Our Dirty Love Affair With Trash

The head of a plastic bag industry group, whose full-time job consists of battling local bans on disposable grocery sacks, made a provocative observation to me about trash recently: Don't be so quick to reject waste, he warned.

"Zero waste would mean a zero economy."

Equating green with economic ruin is a familiar refrain, of course, but this claim about waste is worth a hard look. Trash really is the biggest thing Americans make, and it tends to get bigger in good times while shrinking during recession. Does that mean, as counter-intuitive as it sounds, that garbage is good? Should the old saw about waste not, want not really be waste more, get more? Should Americans just chill out and revel in the fact that we are the most wasteful people on the planet, rolling to the curb 7.1 pounds of trash a day for every man, woman and child -- a personal lifetime legacy of 102 tons of garbage each? Doesn't that just show that we're buying lots of stuff and living large -- that we should throw ourselves into a dirty love affair with trash?

Just the opposite. After immersing in the world of Garbology for the last year and a half I’ve learned some shocking truths about the high costs of our garbage. Here are some numbers to consider:
Americans make twice as much waste per person as in 1960. Most of the increase is from "instant trash' -- packaging, wraps, containers and bags, the biggest component of our garbage these days.

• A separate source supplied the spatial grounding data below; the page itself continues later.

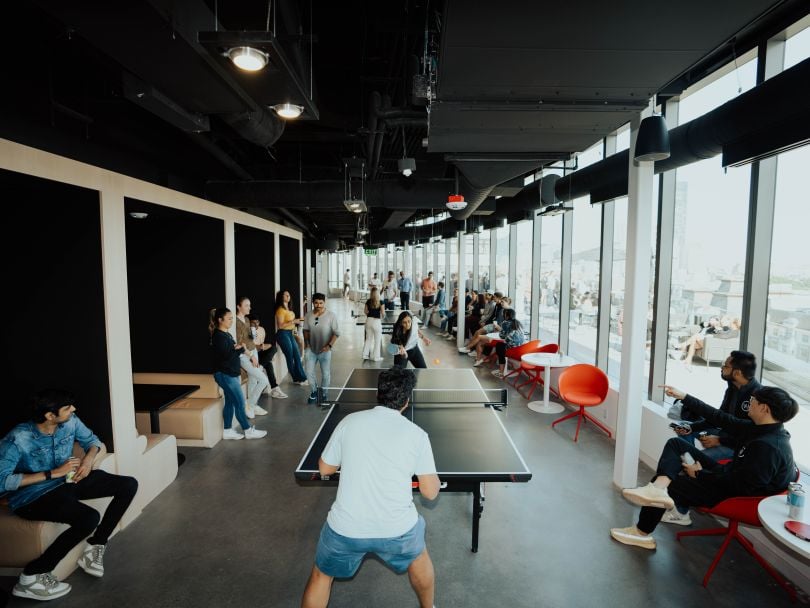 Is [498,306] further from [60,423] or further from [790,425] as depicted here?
[60,423]

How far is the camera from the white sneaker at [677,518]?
379 centimetres

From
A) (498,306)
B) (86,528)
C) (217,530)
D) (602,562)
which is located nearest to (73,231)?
(86,528)

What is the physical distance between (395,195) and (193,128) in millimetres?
4353

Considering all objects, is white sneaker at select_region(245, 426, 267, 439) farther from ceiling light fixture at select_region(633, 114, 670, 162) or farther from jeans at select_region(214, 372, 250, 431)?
ceiling light fixture at select_region(633, 114, 670, 162)

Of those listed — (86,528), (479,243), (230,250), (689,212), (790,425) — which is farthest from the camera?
(479,243)

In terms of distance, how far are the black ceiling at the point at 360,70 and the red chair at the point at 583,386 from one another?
8.91 ft

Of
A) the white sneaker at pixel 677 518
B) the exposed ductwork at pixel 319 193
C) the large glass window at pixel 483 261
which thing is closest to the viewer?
the white sneaker at pixel 677 518

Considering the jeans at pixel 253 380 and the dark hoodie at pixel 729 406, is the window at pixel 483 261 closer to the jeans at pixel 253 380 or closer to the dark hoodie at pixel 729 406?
the jeans at pixel 253 380

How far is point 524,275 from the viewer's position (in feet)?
34.4

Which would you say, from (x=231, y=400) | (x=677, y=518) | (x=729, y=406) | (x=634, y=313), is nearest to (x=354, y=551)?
A: (x=677, y=518)

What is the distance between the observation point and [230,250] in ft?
20.1

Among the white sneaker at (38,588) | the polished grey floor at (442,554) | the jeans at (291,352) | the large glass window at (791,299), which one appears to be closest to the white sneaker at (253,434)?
the polished grey floor at (442,554)

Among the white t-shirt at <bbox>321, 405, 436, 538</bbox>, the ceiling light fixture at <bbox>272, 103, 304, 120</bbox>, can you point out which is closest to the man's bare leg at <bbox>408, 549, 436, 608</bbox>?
the white t-shirt at <bbox>321, 405, 436, 538</bbox>

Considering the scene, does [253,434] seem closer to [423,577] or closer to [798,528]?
[423,577] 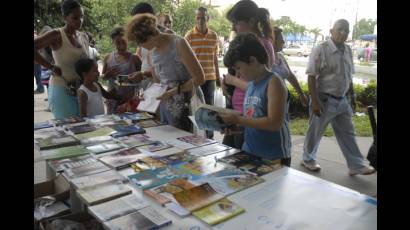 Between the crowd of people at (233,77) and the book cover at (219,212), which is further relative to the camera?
the crowd of people at (233,77)

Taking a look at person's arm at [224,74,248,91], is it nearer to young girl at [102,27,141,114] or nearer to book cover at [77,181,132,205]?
book cover at [77,181,132,205]

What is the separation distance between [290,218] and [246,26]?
1391mm

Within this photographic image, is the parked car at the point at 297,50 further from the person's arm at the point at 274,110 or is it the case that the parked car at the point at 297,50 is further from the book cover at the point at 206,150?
the person's arm at the point at 274,110

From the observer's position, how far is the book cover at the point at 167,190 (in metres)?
1.28

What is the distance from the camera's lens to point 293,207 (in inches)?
48.3

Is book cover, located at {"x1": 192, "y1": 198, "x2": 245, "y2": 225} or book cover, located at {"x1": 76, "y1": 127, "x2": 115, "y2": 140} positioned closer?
book cover, located at {"x1": 192, "y1": 198, "x2": 245, "y2": 225}

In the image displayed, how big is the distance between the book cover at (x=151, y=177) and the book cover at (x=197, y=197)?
0.50 ft

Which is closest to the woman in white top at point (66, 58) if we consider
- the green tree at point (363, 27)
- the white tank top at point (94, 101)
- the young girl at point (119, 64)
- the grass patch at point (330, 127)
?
the white tank top at point (94, 101)

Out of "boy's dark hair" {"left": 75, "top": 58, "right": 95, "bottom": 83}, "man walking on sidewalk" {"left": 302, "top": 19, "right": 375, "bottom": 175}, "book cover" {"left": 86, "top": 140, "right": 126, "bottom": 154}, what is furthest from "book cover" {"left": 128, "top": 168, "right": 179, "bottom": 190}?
"man walking on sidewalk" {"left": 302, "top": 19, "right": 375, "bottom": 175}

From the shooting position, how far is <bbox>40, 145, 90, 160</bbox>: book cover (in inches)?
67.5

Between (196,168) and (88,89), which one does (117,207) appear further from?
(88,89)

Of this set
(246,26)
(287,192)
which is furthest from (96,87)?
(287,192)

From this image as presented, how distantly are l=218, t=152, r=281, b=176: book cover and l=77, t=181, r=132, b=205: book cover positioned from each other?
51cm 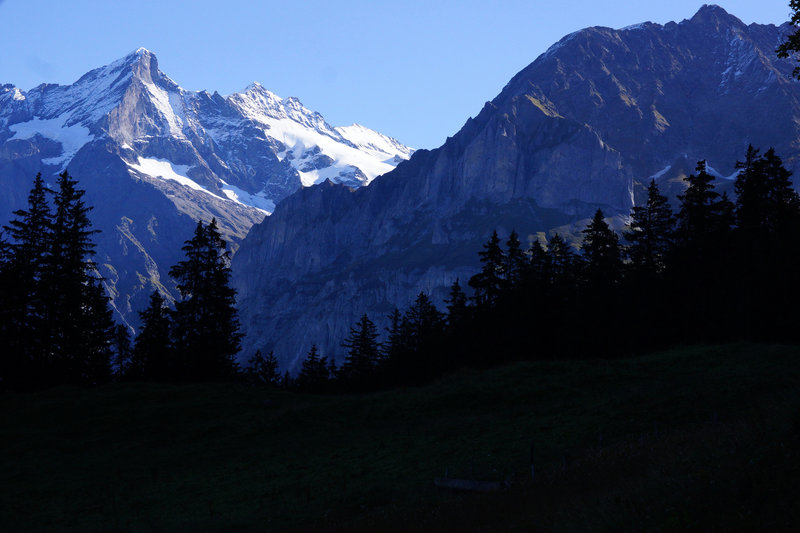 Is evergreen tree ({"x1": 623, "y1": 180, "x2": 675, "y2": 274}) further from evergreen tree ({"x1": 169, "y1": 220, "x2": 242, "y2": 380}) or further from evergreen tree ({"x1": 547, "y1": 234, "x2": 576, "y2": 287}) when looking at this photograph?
evergreen tree ({"x1": 169, "y1": 220, "x2": 242, "y2": 380})

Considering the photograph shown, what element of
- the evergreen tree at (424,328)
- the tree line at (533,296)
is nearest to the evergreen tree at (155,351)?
the tree line at (533,296)

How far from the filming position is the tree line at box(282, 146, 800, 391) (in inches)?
2194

Garbage is our No. 1 export. Not computers, cars or planes. Our biggest export is the scrap paper and metal that China turns into products and packaging, which they sell back to us. America has turned itself into China's trash compactor.

Many American communities pay more for waste management than for parks and recreation, fire protection or school textbooks. 

The average American makes 7.1 pounds of trash a day, according to the best available data (from a biannual surveys of American landfills by Columbia University and the journal BioCycle). That compares to 2.5 pounds per person in Japan. 

The U.S Mail is more than half junk mail, 85 billion pieces weighing 4 million tons last year (about one out of every 100 pounds sent to the landfill). We subsidize junk mail with an artificially low postal rate and by excusing the creators of this unwanted waste product from cleaning up their own mess. 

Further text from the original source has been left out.